Reproduce the listing below exactly, except for its pictures.
*** Recorded data ***
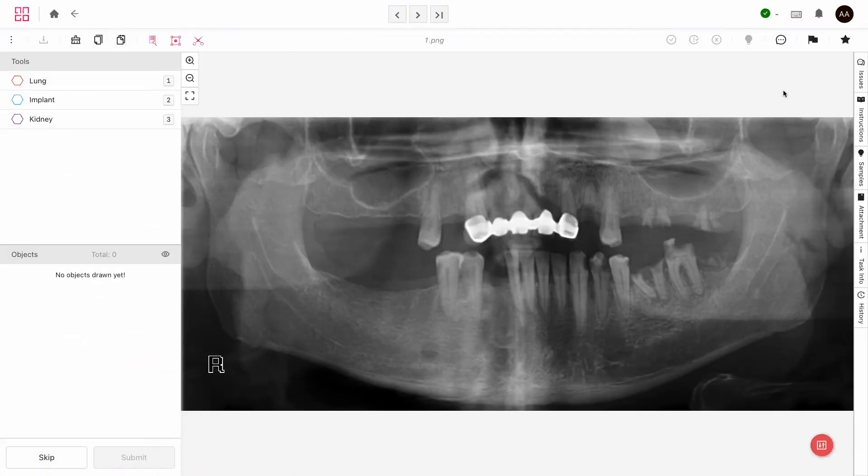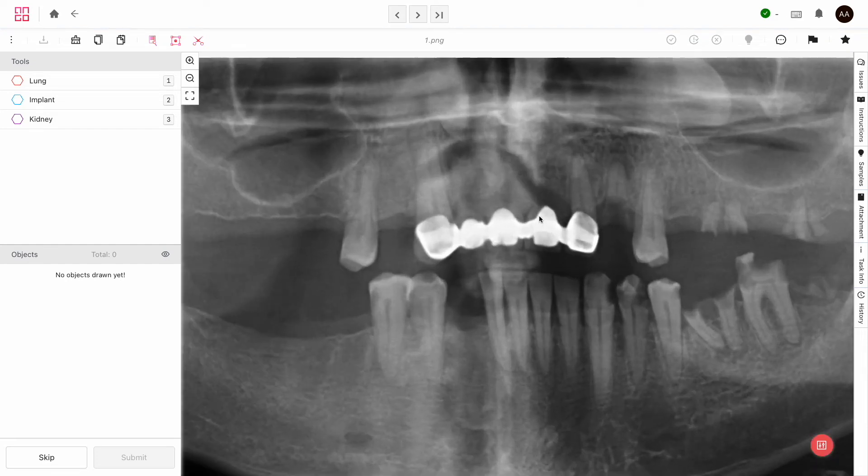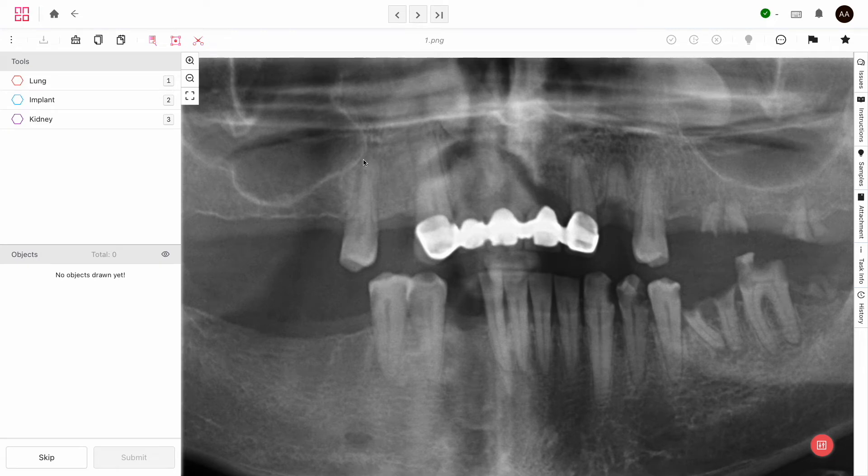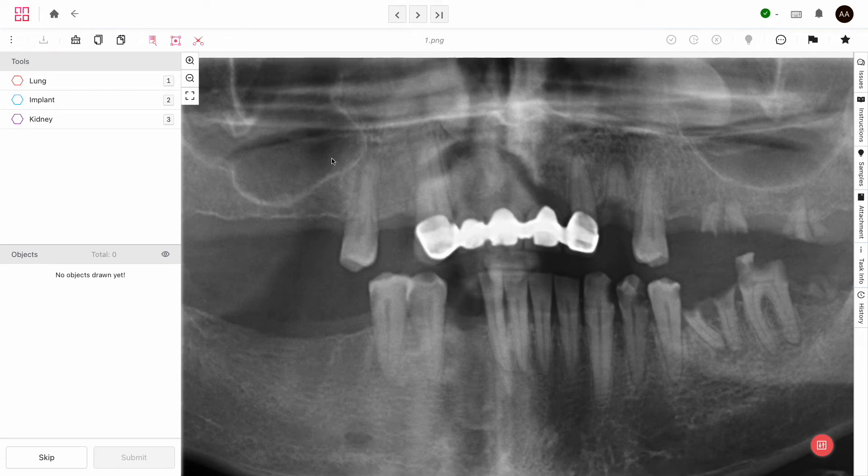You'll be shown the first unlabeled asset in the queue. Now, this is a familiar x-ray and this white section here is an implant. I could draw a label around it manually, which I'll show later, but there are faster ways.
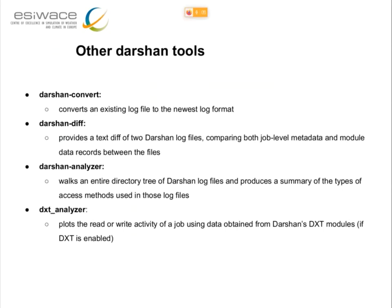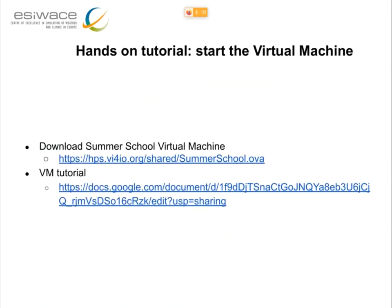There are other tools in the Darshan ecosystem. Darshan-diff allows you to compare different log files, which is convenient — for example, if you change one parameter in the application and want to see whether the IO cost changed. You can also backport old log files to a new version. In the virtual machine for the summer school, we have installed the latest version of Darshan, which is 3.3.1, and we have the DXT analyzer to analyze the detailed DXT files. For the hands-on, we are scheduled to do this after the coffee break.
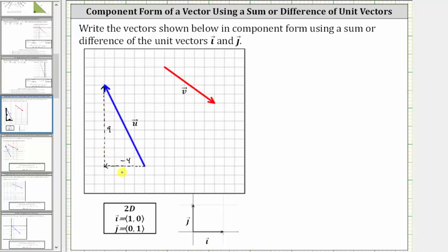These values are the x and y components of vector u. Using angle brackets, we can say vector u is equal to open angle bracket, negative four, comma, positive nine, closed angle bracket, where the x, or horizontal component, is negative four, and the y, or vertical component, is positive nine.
*** End of Recorded data ***
▸ Response
You'll be shown the first unlabeled asset in the queue. Now, this is a familiar x-ray and this white section here is an implant. I could draw a label around it manually, which I'll show later, but there are faster ways.
There are other tools in the Darshan ecosystem. Darshan-diff allows you to compare different log files, which is convenient — for example, if you change one parameter in the application and want to see whether the IO cost changed. You can also backport old log files to a new version. In the virtual machine for the summer school, we have installed the latest version of Darshan, which is 3.3.1, and we have the DXT analyzer to analyze the detailed DXT files. For the hands-on, we are scheduled to do this after the coffee break.
These values are the x and y components of vector u. Using angle brackets, we can say vector u is equal to open angle bracket, negative four, comma, positive nine, closed angle bracket, where the x, or horizontal component, is negative four, and the y, or vertical component, is positive nine.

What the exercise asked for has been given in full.